Solía considerar a la familia An como su refugio seguro y había invertido todas sus emociones aquí.
Pero ahora…
An Muyao se mofó.
Abrió el armario y colocó su equipaje dentro.
Justo cuando terminaba, su teléfono sonó.
La expresión de An Muyao cambió y rápidamente sacó su teléfono y contestó.
—¡Sr.
James!
—Sus ojos se llenaron de amor y admiración, pero contenía su emoción en su tono, haciendo que su voz sonara suave y atractiva.
El Sr.
James habló fríamente —An Muyao, no tengo mucho tiempo para ti.
Si no logras que Nan Yan tome la medicina en tres días, perderás tu valor para mí.
No me importará si vives o mueres en ese punto.
Un atisbo de pánico cruzó el rostro de An Muyao, pero rápidamente se compuso y apretó los dientes —Descanse tranquilo, Sr.
James, me aseguraré de que ella tome esa medicina lo antes posible.
—Después de completar la misión, puedes contactarme.
—¡Sí, Sr.
James!
Antes de que An Muyao pudiera terminar su frase, escuchó un ‘beep’ al otro lado.
Ella pausó por un momento, luego sacó una pequeña caja fuerte con contraseña de su equipaje.
Ingresando el código, la caja se abrió, revelando solo un vial de medicina refrigerada.
El líquido azul pálido parecía soñador y hermoso en la niebla fría blanca, como si un trozo del mar estrellado hubiera sido capturado en el frasco.
Sin embargo, An Muyao miraba el vial con extrema cautela y miedo.
Una vez confirmada la seguridad del medicamento, volvió a cerrar la caja fuerte.
Luego se preocupó.
¿Cómo podría hacer que Nan Yan tomara esta medicina?

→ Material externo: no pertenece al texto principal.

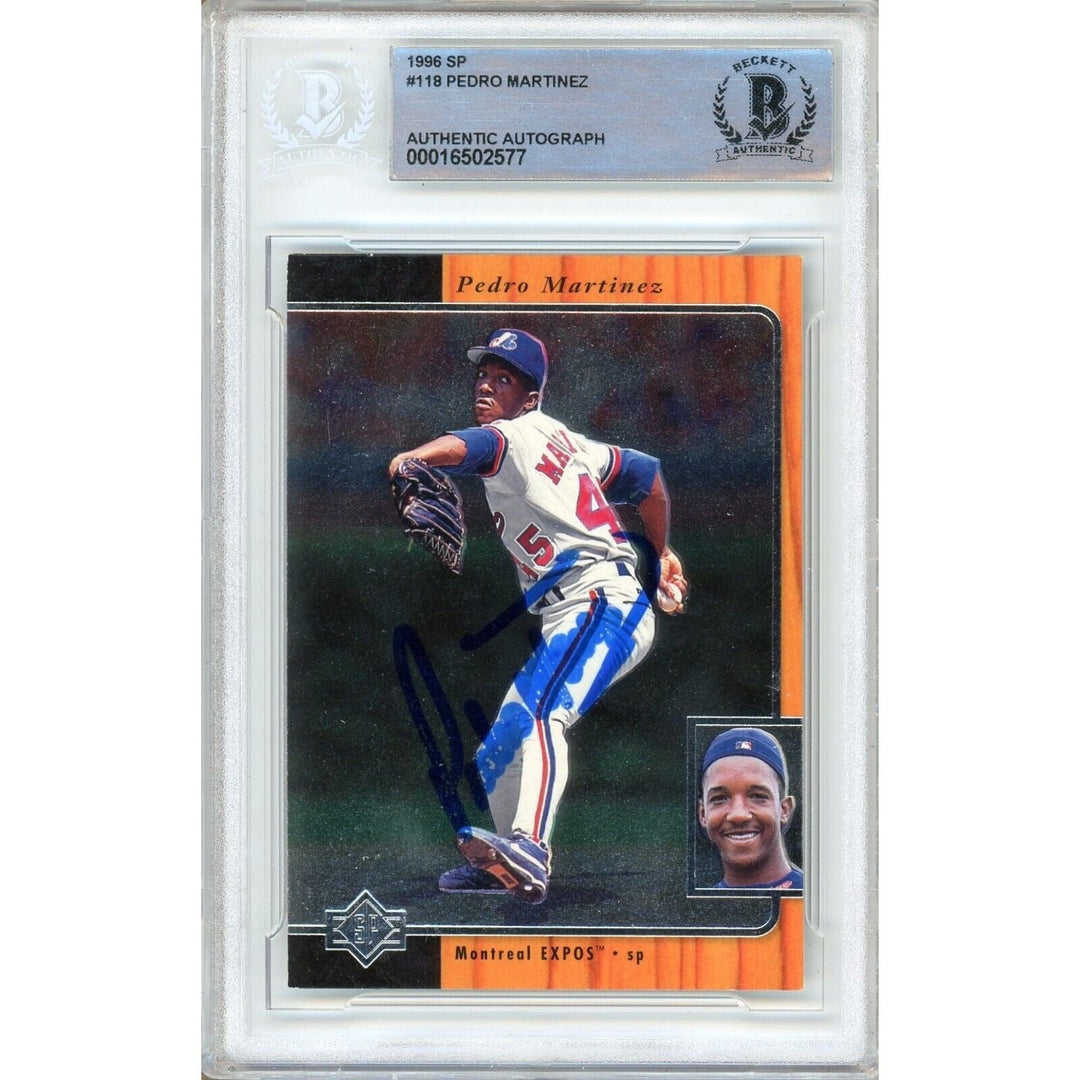 Pedro Martinez Montreal Expos Signed 1996 Upper Deck SP Card Beckett Auth Auto Slab HOF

Hoy, había intentado disculparse con Nan Yan, pero no hubo ningún cambio en su actitud, y no mostró gratitud alguna.
Parecía que tendría que utilizar a alguien más para hacer que tomara la medicina.
Entre los miembros de la familia An, los únicos que Nan Yan aceptaría eran el Viejo Maestro An y An Xiran.
Los demás probablemente no podrían hacerlo.
El viejo hombre estaba medio muerto ahora, y el único que podría hacer esto era An Xiran.